CNN reported: "Moammar Gadhafi and his wife were in their son's house when it was targeted, spokesman Musa Ibrahim said. Both of them are in good health, according to the spokesman."
NATO and opposition forces rejected Saturday Libyan leader Muammar Gaddafi's offer for a ceasefire, saying it was too late.
In an address on state TV early Saturday, Gaddafi called for negotiations with NATO and a mutual ceasefire. But the opposition and NATO were skeptical, dismissing his offer just hours later.
"(UN Security Council Resolution) 1973 explicitly calls for an end to attacks on and abuses of civilians.

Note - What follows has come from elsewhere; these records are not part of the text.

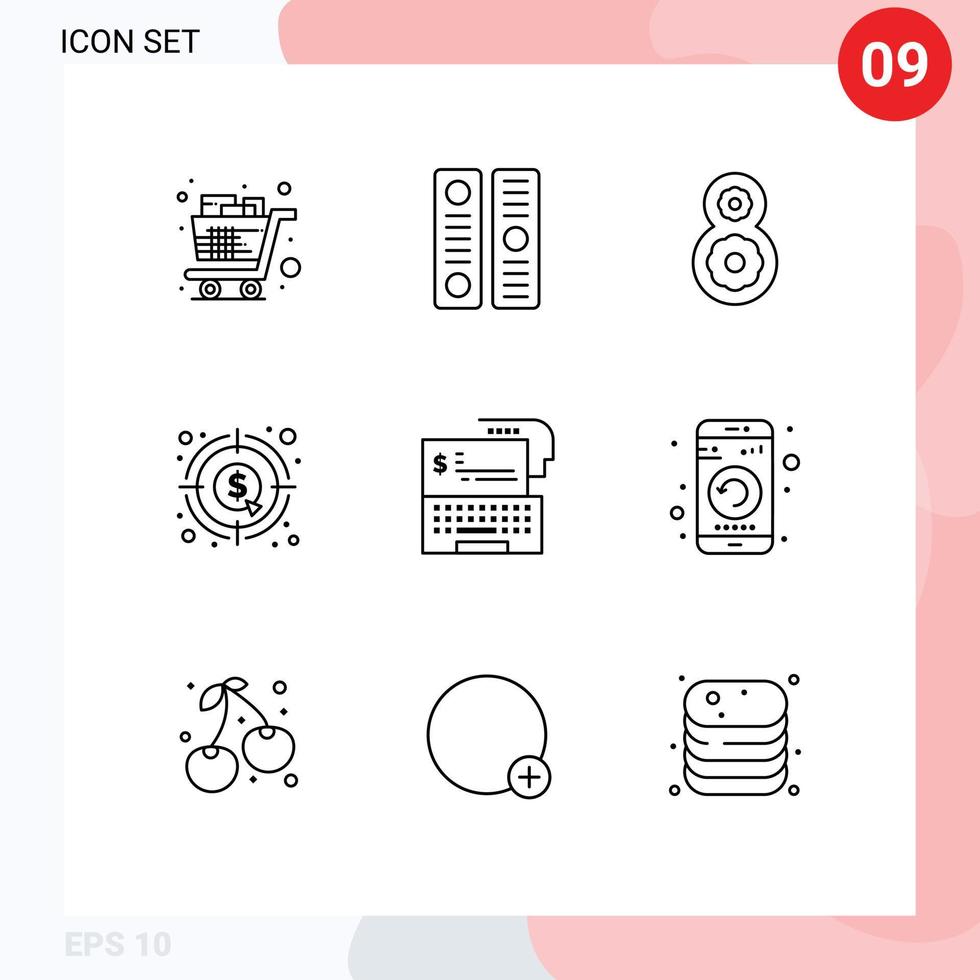 Editable Vector Line Pack of 9 Simple Outlines of digital banking graph file cover dollar analysis Editable Vector Design Elements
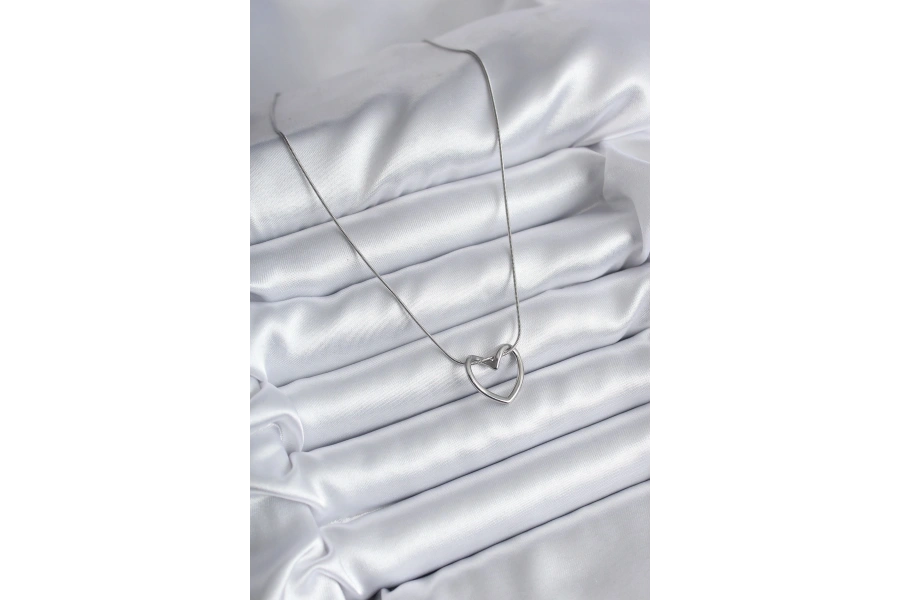 Shoecide 316l Çelik Gümüş Renk Kalp Model Kadın Kolye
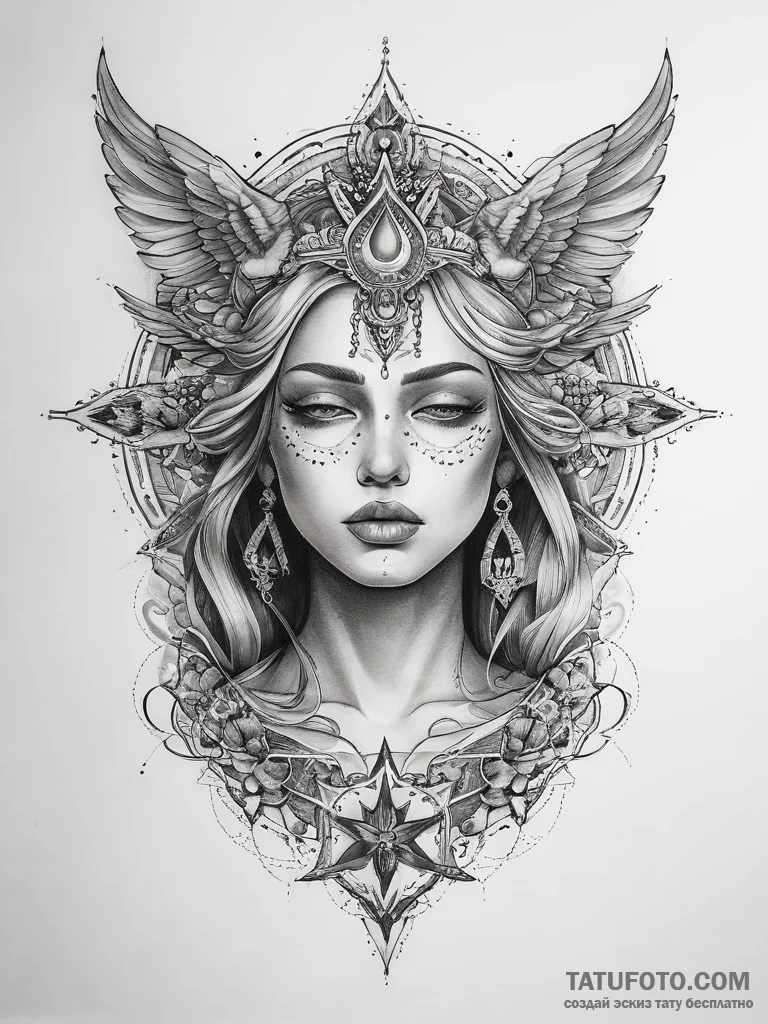 Tattoo sketch divine existence - эскиз тату (№1757564986_0, 11.09.2025 04:29) — Tatufoto.com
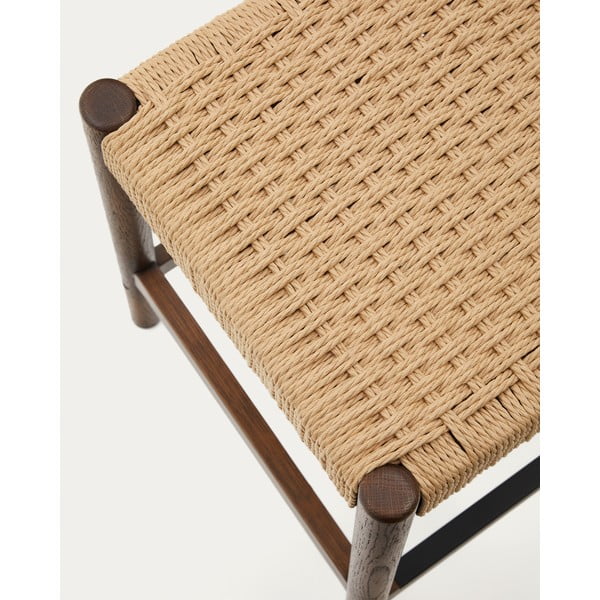 Brūnas/dabīga toņa ozola masīvkoka bāra taburetes (2 gab.) (sēdekļa augstums 66 cm) Yalia – Kave Home-image-4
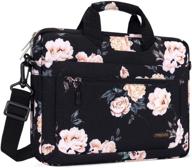 mosiso laptop shoulder bag for macbook pro 16 a2141/pro retina a1398, 15-15.6 inch notebook, camellia polyester messenger carrying briefcase sleeve with adjustable bottom depth, black logo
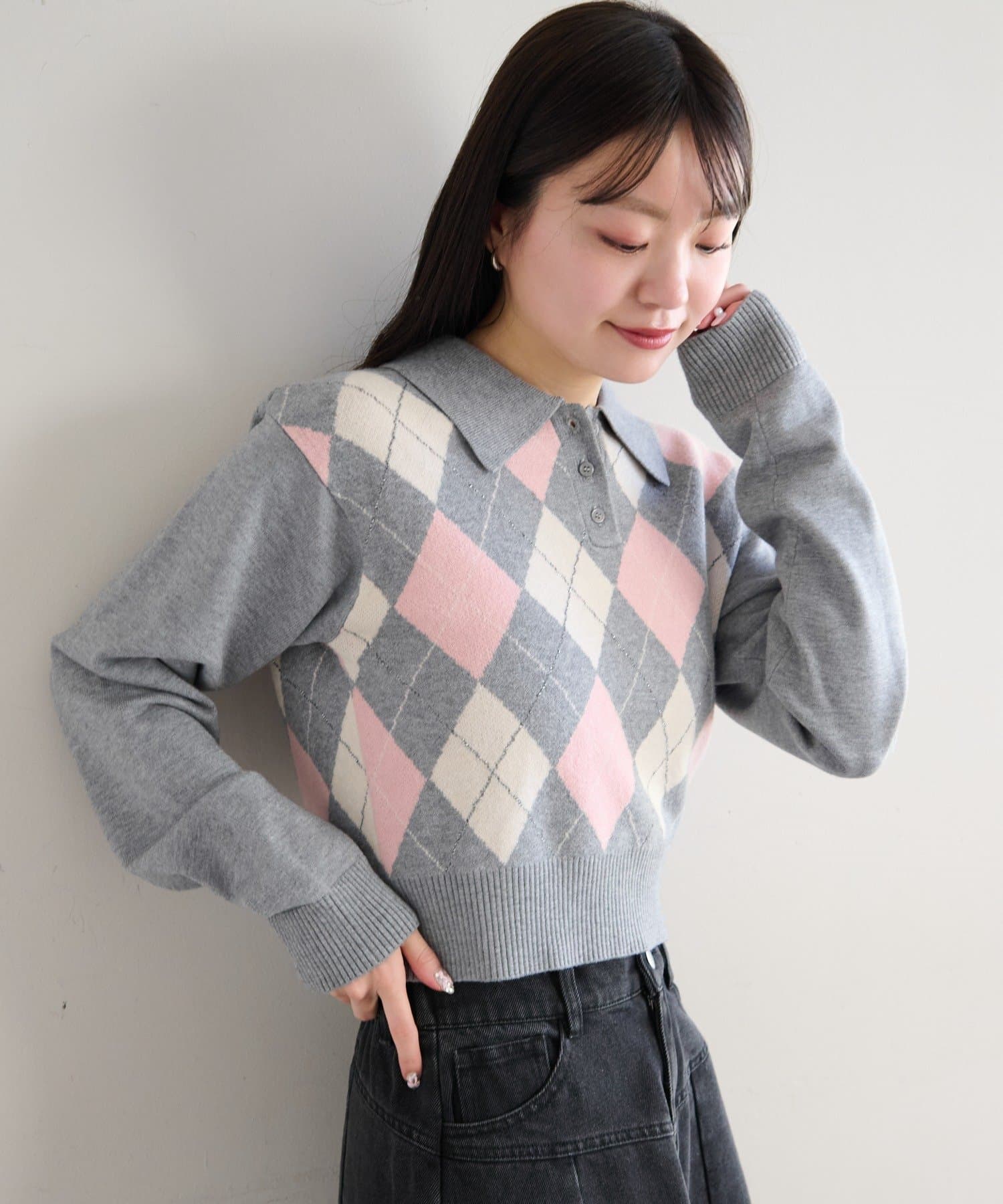 OUTLET(アウトレット) 【Kastane】アーガイルポロニット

The regime has announced ceasefires several times before and continued attacking cities and civilians," a NATO official said.
Gaddafi refuses to take responsibility for the conflict, blaming it on mercenaries and foreigners
"The door to peace is open," Gaddafi said, sitting behind a desk. "You are the aggressors. We will negotiate with you. Come France, Italy, UK, America, come, we will negotiate with you. Why are you attacking us?"
The leader denied any attacks on civilians and posed a challenge to NATO, asking the organization to bring him the names of 1,000 of people who had been killed by the Libyan government during the uprising.
The Guardian reports:
He [Gaddafi] said Libyans had the right to choose their own political system, but not under the threat of Nato bombings. "Why are you killing our children? Why are you destroying our infrastructure," he said.
Rebel leaders have said they will only lay down their arms and begin talks on Libya's future after Gaddafi and his sons step aside. Gaddafi has repeatedly refused to resign.
"Gaddafi’s regime has lost all credibility," said Abdul Hafidh Ghoga, vice president of the Transitional National Council, in a statement. "The people of Libya cannot possibly envisage or accept a future Libya in which Gaddafi’s regime plays any role."
Gaddafi's address came amid reports of NATO attacks in the Libyan capital of Tripoli. Government buildings were the targets of the strikes.